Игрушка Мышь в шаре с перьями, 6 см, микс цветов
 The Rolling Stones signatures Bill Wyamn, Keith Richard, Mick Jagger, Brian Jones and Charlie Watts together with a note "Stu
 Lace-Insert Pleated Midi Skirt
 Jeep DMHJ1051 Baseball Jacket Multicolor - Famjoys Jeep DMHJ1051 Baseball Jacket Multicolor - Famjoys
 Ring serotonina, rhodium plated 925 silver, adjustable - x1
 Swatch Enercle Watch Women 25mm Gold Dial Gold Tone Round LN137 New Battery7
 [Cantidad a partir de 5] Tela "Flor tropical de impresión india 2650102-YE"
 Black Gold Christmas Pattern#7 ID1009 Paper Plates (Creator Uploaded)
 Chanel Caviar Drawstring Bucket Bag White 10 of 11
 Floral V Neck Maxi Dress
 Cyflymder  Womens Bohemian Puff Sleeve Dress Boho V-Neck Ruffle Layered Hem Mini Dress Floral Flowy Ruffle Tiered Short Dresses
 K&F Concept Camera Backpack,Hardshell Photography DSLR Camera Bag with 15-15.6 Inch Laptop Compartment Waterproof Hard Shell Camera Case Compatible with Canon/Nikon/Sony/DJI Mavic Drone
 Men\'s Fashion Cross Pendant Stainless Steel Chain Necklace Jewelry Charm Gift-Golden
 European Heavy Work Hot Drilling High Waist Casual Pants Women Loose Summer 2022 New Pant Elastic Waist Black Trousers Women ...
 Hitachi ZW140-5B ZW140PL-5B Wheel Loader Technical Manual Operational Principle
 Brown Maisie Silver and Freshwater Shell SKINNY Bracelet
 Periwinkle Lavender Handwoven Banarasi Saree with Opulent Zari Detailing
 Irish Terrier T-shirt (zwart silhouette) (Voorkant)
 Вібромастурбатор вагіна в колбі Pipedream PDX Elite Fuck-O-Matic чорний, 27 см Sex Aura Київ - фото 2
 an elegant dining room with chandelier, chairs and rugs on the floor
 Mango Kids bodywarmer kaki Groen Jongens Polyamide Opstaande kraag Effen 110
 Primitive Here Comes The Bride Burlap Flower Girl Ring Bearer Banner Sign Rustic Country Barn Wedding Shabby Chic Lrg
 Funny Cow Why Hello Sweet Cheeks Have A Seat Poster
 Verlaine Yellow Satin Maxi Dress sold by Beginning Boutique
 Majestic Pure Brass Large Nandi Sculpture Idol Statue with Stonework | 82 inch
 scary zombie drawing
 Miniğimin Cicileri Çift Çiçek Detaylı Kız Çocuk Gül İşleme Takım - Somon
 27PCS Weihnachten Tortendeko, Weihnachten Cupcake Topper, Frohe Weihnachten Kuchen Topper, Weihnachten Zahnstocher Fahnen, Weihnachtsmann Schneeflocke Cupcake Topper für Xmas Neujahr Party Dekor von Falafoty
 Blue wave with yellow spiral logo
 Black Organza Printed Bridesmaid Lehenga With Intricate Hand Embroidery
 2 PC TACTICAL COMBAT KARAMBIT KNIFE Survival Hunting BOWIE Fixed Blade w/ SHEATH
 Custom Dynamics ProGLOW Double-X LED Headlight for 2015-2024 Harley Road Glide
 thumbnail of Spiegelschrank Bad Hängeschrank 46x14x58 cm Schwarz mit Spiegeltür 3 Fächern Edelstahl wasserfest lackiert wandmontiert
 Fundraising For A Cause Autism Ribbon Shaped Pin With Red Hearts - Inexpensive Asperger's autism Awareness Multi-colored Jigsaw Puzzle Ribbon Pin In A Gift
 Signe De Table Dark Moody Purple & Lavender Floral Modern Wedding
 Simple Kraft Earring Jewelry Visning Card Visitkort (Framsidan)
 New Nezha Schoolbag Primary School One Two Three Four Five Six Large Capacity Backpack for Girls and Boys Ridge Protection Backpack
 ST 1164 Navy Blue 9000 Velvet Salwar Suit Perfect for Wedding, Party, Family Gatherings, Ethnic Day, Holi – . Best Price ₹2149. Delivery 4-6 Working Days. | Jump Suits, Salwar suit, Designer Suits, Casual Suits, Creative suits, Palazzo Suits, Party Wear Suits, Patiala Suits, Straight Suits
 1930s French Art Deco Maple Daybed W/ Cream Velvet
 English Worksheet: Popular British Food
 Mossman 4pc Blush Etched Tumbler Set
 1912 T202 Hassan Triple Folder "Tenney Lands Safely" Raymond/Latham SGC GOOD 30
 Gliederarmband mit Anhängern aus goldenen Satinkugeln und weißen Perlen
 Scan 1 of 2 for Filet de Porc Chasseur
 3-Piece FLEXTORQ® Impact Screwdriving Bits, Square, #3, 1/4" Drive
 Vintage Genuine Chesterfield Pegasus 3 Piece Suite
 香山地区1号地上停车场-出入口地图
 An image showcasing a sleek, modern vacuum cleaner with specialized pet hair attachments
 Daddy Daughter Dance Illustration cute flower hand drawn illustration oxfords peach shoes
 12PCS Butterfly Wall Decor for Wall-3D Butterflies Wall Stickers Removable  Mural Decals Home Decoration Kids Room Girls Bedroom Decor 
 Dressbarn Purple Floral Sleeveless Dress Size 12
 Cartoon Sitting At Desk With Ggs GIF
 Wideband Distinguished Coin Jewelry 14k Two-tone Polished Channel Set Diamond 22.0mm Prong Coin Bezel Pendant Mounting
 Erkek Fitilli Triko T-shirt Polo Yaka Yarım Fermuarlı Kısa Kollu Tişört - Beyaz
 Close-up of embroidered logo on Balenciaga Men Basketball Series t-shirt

++++

▸ Work instruction:
Give back, unchanged, the run of lines in the listing above that begins at the line containing "Jeep DMHJ1051 Baseball Jacket Multicolor - Famjoys Jeep" and ends at the line containing "Swatch Enercle Watch", both included.

▸ Answer area:
 Jeep DMHJ1051 Baseball Jacket Multicolor - Famjoys Jeep DMHJ1051 Baseball Jacket Multicolor - Famjoys
 Ring serotonina, rhodium plated 925 silver, adjustable - x1
 Swatch Enercle Watch Women 25mm Gold Dial Gold Tone Round LN137 New Battery7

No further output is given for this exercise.